* _TASK_
Filter out every line below that lacks "Dining", and copy the rest.

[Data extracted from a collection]
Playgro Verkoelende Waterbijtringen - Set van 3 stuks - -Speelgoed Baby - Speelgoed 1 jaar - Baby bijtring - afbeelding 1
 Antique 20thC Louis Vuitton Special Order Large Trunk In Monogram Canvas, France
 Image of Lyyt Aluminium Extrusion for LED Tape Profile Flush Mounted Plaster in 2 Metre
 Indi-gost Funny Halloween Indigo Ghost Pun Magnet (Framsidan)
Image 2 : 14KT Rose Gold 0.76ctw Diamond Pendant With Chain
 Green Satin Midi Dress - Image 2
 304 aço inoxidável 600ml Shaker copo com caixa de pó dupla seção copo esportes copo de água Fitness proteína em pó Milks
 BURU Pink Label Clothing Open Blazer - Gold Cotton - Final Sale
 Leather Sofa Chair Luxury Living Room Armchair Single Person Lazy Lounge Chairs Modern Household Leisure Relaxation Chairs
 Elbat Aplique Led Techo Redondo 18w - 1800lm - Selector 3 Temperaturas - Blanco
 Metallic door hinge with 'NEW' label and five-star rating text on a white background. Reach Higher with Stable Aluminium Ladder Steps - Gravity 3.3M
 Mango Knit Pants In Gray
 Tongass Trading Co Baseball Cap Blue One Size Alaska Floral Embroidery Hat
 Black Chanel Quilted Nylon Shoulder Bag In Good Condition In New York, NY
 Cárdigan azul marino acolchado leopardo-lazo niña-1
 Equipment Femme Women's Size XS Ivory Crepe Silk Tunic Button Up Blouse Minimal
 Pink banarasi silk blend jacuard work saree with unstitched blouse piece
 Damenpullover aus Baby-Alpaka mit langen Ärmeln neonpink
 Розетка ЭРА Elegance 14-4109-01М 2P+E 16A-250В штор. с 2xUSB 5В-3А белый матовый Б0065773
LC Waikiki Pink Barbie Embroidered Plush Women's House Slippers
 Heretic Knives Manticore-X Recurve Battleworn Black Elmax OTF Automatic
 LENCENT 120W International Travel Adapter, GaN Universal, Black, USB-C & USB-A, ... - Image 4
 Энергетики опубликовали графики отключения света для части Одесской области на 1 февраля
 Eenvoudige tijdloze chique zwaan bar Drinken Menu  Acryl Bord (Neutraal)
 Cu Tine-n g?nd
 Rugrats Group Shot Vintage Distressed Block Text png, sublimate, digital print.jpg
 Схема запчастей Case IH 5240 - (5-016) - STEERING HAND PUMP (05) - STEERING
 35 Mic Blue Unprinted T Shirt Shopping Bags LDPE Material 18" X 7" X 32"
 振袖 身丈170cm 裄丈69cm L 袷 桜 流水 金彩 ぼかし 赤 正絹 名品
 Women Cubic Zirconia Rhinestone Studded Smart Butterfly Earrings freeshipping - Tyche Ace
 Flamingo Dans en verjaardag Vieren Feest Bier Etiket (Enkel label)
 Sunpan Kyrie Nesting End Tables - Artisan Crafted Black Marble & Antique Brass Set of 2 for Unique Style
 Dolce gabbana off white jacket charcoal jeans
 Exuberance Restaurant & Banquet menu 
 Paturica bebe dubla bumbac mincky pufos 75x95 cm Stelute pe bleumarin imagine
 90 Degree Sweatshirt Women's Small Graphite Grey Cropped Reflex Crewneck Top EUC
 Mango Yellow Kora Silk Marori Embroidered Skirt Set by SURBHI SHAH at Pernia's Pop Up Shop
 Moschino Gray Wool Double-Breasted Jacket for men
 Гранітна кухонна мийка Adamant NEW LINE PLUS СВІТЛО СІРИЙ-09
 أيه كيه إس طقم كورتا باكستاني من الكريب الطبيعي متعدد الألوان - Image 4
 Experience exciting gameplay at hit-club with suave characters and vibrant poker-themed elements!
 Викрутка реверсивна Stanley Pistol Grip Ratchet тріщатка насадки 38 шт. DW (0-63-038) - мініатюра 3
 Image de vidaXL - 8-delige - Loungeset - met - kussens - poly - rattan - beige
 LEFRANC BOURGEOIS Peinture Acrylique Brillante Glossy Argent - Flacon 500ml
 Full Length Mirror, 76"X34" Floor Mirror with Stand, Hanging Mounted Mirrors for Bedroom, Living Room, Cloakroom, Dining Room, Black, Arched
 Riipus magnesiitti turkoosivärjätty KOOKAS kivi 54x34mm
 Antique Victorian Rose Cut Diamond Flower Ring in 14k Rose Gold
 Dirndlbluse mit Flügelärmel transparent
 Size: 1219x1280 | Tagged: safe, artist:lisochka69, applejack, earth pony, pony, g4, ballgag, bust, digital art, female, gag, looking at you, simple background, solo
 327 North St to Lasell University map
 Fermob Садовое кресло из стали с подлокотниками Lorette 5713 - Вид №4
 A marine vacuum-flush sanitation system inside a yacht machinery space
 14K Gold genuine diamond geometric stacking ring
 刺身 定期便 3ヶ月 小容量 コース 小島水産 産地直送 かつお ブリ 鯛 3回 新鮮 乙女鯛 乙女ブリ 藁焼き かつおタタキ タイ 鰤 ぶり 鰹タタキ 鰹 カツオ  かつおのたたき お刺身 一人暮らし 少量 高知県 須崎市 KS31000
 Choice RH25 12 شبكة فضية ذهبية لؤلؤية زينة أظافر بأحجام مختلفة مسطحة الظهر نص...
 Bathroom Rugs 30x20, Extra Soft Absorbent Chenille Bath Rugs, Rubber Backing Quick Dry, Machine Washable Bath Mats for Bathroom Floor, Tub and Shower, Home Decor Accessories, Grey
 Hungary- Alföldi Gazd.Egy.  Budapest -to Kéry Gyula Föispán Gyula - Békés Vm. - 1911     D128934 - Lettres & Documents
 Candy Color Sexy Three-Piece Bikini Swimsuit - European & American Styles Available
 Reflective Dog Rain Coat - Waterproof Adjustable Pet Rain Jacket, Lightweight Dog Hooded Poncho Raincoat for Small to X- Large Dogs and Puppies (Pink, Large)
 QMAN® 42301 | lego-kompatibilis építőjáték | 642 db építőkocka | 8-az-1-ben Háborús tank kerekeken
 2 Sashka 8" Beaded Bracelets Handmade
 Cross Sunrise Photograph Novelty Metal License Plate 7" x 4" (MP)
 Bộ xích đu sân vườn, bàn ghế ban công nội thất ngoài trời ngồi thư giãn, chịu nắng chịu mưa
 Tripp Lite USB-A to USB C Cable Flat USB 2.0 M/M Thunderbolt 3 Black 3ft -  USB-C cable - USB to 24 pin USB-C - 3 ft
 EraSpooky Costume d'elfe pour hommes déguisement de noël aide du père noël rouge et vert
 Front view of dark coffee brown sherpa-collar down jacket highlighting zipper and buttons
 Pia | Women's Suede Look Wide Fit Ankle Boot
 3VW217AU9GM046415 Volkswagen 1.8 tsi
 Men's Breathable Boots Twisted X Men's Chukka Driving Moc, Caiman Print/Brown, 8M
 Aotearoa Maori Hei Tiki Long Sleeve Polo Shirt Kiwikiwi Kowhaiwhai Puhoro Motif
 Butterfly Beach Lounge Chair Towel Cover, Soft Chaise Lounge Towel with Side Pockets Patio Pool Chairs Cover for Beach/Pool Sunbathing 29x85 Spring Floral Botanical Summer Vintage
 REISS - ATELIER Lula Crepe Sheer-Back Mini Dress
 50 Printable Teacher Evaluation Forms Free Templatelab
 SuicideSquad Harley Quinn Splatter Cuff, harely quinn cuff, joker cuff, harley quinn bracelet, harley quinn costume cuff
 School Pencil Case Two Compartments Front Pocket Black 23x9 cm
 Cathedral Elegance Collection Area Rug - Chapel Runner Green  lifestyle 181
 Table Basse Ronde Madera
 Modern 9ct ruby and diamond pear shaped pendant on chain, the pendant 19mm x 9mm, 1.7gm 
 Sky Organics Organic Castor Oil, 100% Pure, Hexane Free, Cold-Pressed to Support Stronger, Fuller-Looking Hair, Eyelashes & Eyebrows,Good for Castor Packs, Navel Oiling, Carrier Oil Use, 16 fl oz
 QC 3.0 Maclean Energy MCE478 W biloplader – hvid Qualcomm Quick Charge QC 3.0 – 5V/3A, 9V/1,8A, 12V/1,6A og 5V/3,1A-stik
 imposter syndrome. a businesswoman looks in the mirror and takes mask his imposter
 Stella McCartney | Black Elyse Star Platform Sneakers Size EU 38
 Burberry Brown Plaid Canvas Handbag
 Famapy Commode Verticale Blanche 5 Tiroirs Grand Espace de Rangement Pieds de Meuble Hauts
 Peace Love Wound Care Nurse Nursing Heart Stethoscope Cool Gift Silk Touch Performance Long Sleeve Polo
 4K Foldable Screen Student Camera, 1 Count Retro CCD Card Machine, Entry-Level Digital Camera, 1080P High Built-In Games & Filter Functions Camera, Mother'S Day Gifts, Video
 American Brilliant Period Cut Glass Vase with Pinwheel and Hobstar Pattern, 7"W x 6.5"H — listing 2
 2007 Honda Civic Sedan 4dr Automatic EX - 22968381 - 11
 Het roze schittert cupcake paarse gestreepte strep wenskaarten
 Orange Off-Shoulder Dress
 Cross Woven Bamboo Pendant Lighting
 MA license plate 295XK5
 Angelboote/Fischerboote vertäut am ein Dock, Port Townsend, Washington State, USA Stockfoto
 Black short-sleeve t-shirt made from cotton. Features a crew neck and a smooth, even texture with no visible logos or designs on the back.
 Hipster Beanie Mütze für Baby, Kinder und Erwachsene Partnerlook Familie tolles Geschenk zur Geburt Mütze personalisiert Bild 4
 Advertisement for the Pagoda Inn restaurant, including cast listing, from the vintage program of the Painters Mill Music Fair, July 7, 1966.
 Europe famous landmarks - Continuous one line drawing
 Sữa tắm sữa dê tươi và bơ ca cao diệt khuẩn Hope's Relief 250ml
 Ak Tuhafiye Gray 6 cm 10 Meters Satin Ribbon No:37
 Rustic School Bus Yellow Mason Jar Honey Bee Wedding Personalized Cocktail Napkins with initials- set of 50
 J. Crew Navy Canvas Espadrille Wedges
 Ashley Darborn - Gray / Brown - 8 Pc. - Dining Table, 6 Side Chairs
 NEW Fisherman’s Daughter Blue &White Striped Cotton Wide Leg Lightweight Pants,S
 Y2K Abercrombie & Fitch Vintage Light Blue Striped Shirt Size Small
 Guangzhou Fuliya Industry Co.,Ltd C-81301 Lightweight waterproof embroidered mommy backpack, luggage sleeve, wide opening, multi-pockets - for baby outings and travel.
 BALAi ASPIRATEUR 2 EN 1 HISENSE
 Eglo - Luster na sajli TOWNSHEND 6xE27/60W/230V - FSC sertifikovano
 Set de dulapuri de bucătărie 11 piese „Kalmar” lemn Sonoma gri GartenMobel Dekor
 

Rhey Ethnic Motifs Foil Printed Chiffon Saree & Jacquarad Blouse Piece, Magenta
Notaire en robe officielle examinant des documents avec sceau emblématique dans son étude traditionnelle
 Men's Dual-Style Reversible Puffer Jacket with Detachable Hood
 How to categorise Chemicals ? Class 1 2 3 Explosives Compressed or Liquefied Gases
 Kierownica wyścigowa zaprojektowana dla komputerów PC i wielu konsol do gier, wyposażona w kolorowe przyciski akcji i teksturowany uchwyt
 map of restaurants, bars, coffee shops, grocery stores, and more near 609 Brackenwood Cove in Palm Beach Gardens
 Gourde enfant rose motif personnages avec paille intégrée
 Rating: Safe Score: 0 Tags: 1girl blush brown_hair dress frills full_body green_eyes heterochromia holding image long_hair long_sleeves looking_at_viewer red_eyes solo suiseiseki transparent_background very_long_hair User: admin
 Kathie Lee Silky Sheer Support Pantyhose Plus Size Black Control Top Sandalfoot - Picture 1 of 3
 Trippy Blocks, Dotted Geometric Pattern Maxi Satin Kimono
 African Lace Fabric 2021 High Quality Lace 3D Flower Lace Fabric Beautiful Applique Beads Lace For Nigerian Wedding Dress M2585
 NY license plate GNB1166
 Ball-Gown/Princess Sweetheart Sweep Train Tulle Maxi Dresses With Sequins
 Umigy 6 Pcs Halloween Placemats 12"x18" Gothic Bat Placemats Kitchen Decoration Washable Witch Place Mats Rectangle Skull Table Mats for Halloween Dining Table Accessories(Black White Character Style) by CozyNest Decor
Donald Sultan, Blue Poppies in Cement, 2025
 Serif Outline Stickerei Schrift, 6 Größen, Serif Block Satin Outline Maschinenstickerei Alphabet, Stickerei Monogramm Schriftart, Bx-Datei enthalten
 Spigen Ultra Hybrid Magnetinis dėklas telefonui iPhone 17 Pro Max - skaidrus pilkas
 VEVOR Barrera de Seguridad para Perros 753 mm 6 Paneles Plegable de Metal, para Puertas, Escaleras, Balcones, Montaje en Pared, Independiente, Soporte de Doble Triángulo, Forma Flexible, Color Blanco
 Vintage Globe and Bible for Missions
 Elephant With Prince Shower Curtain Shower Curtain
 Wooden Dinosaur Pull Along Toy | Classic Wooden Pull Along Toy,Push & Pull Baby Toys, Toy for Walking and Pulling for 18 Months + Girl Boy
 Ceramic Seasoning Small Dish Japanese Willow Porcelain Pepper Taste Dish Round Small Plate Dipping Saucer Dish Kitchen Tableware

* _ANSWER TO THE PROBLEM_
 Full Length Mirror, 76"X34" Floor Mirror with Stand, Hanging Mounted Mirrors for Bedroom, Living Room, Cloakroom, Dining Room, Black, Arched
 Ashley Darborn - Gray / Brown - 8 Pc. - Dining Table, 6 Side Chairs
 Umigy 6 Pcs Halloween Placemats 12"x18" Gothic Bat Placemats Kitchen Decoration Washable Witch Place Mats Rectangle Skull Table Mats for Halloween Dining Table Accessories(Black White Character Style) by CozyNest Decor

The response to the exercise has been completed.